Photovoltaic (PV) market creates new work for electrical contractors in 2013
The opportunities in the photovoltaic (PV) market are heating up for electrical contractors due to the declining cost of solar panels and future changes in energy regulations. While federal funding has lapsed for PV projects since the end of 2011, prospects for the solar industry still look bright, says Ralph Gentile, senior economist, McGraw-Hill Construction Research and Analytics.
In many cases, the price of PV panels has dropped to under $1 per watt at peak output, says Gentile. In turn, the gap has narrowed between the total costs of solar electricity generation, which includes capital, operating, transmission, and fossil fuel-fired plants.
“While costs for the most efficient natural gas and coal plants are lower, according to the latest Energy Information Administration calculations, changes in feedstock prices or new regulations requiring carbon capture could change the picture,” says Gentile.
Alternate energy power plant starts peaked during 2011, with solar project starts valued at nearly $22.8 billion (Chart). One of the key factors behind why this market had increased activity in 2011 was the significant uncertainty about the continuation of the investment and production tax credits, Gentile says.
In 2011, several large solar projects broke ground, including the $2.5-billion Blythe Solar Parabolic Trough Power Plant in California, the $2.2-billion Desert Sunlight Southern California Edison Solar Plant in California, and the $2-billion Solana Solar Generating Station Plant in Arizona. Currently, a large number of projects are seeking permitting in the Southwest, particularly in California, Gentile says.
“Whether these projects move forward in great number will depend upon the continuation of renewable energy mandates at the state level, since solar energy, at least for the moment, remains more expensive than conventional electricity,” he says.
The strength of the PV market in California has created new work opportunities for specialized solar installers as well as electrical contracting firms with an expertise in renewable energy.

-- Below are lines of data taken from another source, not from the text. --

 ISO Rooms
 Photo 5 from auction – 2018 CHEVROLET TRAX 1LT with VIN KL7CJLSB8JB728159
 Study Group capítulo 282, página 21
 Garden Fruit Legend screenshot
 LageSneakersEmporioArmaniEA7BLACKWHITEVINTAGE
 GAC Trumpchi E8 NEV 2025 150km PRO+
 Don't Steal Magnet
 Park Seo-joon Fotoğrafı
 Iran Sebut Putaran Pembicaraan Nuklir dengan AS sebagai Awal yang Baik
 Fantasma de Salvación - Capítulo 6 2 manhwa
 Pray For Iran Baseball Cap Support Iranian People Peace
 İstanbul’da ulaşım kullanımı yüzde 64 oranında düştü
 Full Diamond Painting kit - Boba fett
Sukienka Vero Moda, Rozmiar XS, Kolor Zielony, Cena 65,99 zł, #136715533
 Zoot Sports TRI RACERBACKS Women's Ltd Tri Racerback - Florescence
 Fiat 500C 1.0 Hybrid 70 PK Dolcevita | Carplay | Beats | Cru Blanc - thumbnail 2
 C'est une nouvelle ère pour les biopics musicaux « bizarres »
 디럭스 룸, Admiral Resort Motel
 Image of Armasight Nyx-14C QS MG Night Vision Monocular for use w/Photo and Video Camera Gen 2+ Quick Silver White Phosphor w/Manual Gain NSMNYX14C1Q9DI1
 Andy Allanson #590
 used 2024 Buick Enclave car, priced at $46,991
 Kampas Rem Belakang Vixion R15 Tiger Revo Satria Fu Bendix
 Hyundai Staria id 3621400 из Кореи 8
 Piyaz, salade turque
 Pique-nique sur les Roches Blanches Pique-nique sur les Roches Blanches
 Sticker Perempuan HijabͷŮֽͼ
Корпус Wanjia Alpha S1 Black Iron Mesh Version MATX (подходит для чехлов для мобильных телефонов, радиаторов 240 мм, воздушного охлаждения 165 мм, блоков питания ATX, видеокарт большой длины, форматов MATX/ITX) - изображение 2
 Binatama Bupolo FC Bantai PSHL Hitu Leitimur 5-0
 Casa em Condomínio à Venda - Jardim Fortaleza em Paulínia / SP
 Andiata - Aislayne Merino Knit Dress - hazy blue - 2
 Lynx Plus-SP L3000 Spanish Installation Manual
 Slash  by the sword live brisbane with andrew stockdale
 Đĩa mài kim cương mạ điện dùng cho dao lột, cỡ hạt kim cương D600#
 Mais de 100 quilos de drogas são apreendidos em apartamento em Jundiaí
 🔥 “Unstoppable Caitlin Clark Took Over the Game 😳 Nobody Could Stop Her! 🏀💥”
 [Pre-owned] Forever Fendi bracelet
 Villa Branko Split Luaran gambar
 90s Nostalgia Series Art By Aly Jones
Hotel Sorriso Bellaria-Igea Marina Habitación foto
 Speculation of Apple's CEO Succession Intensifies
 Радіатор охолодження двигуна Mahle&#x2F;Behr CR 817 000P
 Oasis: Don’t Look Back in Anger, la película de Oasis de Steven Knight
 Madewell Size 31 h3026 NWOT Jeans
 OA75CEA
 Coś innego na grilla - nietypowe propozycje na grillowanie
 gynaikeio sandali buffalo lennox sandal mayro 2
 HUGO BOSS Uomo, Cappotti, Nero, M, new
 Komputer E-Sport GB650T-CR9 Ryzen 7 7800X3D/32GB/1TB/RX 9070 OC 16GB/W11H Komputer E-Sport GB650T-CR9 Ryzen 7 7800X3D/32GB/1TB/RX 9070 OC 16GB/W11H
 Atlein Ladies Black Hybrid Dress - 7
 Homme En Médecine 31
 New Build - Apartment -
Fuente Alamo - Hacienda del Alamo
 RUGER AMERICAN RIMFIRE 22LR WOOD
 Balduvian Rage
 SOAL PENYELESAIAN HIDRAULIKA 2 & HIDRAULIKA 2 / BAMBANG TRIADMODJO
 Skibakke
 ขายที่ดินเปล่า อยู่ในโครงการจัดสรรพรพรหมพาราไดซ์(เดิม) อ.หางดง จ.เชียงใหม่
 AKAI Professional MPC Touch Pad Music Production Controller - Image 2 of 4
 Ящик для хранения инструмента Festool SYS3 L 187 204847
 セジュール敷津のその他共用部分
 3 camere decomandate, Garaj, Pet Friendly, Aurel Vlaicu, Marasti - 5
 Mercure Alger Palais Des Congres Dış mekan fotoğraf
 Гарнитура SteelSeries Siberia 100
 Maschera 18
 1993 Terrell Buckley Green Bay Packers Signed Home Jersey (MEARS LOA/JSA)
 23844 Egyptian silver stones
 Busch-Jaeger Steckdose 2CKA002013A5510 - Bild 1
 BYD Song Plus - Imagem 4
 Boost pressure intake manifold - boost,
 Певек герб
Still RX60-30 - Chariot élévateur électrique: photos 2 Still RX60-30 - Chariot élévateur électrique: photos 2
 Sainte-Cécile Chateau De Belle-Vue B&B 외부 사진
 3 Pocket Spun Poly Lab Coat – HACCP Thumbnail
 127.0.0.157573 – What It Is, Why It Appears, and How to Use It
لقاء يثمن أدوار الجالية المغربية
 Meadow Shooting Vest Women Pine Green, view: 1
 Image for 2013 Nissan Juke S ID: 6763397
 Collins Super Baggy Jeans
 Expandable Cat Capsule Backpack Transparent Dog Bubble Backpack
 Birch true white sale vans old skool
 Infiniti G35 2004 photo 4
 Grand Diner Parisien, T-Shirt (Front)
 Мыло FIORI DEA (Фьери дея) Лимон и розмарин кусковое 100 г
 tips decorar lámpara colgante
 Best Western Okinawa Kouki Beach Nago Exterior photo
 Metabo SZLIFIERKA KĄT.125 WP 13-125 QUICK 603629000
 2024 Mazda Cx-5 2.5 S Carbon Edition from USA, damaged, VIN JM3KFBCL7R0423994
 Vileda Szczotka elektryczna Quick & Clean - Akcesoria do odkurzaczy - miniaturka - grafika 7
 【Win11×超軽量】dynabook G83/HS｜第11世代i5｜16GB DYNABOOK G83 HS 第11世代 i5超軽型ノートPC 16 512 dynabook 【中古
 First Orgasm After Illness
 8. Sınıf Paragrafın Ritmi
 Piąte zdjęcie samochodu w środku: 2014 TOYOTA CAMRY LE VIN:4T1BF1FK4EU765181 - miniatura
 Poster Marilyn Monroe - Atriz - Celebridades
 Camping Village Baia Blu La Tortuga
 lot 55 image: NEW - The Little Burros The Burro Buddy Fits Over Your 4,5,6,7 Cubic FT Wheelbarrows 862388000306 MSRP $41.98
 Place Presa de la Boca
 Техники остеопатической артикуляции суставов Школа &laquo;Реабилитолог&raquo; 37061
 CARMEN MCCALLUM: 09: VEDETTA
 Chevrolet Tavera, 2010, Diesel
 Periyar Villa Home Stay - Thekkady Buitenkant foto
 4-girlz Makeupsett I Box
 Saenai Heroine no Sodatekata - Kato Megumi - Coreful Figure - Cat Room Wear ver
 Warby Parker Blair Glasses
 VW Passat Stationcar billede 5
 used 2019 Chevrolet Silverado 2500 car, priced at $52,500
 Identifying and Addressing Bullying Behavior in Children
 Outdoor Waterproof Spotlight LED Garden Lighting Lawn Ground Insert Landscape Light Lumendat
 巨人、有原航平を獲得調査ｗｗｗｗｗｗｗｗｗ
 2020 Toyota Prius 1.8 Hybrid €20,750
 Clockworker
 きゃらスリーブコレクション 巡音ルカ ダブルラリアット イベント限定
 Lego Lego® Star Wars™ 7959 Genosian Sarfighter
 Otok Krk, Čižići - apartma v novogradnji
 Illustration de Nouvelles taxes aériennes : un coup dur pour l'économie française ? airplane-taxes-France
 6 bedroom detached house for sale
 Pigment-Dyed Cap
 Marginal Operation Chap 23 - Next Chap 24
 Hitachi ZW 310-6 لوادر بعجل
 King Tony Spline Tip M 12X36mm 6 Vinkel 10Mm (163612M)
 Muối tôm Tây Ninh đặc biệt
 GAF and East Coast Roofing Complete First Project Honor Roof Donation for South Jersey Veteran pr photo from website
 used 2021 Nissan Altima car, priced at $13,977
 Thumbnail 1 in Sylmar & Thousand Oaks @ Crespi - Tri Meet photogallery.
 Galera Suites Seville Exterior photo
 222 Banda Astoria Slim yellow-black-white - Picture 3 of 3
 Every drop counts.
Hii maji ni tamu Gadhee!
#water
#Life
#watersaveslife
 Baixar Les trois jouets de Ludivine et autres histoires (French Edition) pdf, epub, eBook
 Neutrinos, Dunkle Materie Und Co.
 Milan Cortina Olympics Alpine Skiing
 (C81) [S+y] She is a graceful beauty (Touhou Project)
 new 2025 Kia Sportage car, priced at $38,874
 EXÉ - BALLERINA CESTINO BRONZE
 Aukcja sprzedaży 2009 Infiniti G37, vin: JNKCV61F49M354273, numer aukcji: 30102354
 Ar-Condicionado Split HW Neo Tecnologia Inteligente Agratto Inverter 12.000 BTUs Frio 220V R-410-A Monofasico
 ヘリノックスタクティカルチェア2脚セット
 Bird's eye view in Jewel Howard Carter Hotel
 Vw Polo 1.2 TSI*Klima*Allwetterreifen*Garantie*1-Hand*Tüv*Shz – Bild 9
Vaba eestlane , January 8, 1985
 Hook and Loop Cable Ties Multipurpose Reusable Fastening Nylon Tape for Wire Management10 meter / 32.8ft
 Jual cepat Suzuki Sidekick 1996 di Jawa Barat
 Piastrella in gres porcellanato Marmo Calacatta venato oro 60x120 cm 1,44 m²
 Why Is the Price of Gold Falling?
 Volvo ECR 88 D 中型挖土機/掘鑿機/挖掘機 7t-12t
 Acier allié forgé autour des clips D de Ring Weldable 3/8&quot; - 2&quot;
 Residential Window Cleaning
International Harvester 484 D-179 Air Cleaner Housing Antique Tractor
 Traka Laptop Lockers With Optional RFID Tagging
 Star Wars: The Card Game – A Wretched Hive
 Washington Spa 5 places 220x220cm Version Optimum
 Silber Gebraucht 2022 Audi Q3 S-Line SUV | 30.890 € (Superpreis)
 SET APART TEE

For example, Collins Electrical Co., Inc., a Stockton, Calif.-based electrical contractor, is simultaneously working on 52 sites totaling about 9.5W of capacity.
“Right now, we are going like gangbusters,” says Craig Gini, renewable general manager and vice president. “Solar is a huge market for us at this point in time.”
The contracting firm, which averages about $100 million in revenue each year, specializes in balance-of-system and turn-key installations. Due to the strength of the solar market, renewable energy now accounts for 10% to 12% of the contracting firm’s business compared to 1% to 2% just two years ago. Over the last few years, the work has shifted from the private industry sector to the public sector, Gini says.
“The [solar] industry was initially driven by rebates and incentives, and once they started to fall away, the industry began to be driven by the decrease in the pricing of solar panels,” Gini says. “This allowed the projects to still work out financially, and it gave municipalities the opportunity to install solar systems at their facilities.”
For example, Collins Electrical is currently working on 44 sites for multiple school districts throughout northern California. These installations consist of ground mount, rooftop, and carport type projects. By installing the panels on top of the carports, it not only gives the students and faculty protection from the environment, but it also helps to reduce the amount of heat generated off of the black asphalt, creating what is known as the “heat island” effect. As a result, the schools may use less air conditioning for the surrounding buildings.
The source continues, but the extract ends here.